Download or read book Natural Disasters Cultural Responses written by Christof Mauch and published by Lexington Books. This book was released on 2009-03-16 with total page 395 pages. Available in PDF, EPUB and Kindle. Book excerpt: Catastrophes, it seems, are becoming more frequent in the twenty-first century. According to UN statistics, every year approximately two hundred million people are directly affected by natural disasters_seven times the number of people who are affected by war. Discussions about global warming and fatal disasters such as Katrina and the Tsunami of 2004 have heightened our awareness of natural disasters and of their impact on both local and global communities. Hollywood has also produced numerous disaster movies in recent years, some of which have become blockbusters. This volume demonstrates that natural catastrophes_earthquakes, hurricanes, floods, etc._have exercised a vast impact on humans throughout history and in almost every part of the world.
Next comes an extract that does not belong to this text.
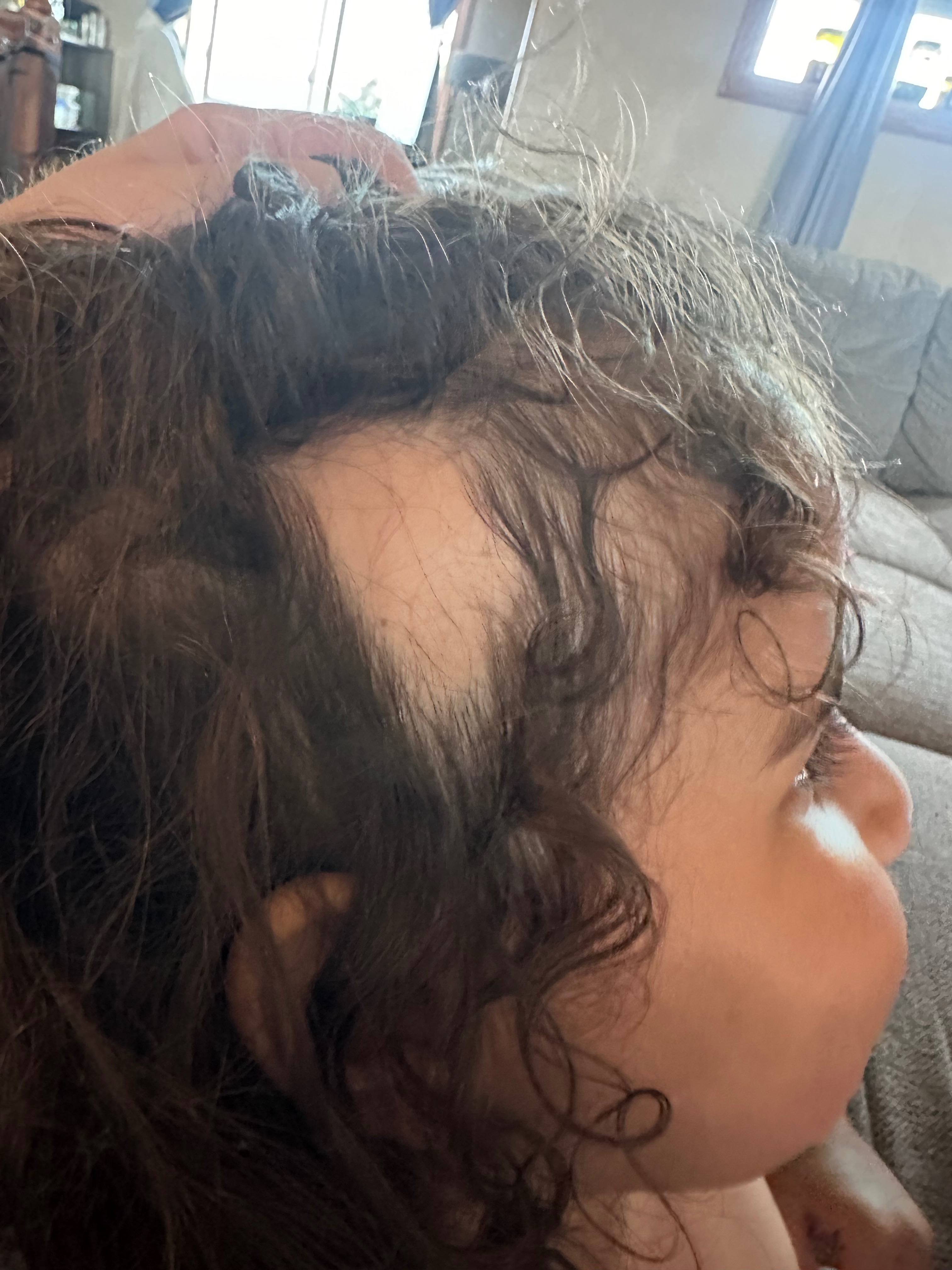 Help support Gianna’s journey with Alopecia Areata campaign photo, 2 of 7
It argues that human attitudes toward catastrophes have changed over time. Surprisingly, this has not necessarily led to a reduction of exposure or risk. The organization of the book resembles a journey around the globe_from Europe to North Africa, the Middle East, and Asia, and from the Pacific through South America and Mexico to the United States. While natural disasters appear everywhere on the globe, different cultures, societies, and nations have adopted specific styles for coping with disaster. Indeed, how humans deal with catastrophes depends largely on social and cultural patterns, values, religious belief systems, political institutions, and economic structures. The roles that catastrophes play in society and the meanings they are given vary from one region to the next; they differ_and this is one of the principal arguments of this book_from one cultural, political, and geographic space to the next. The essays collected here help us to understand not only how people in different times throughout history have learned to cope with disaster but also how humans in different parts of the world have developed specific cultural, social, and technological strategies for doing so.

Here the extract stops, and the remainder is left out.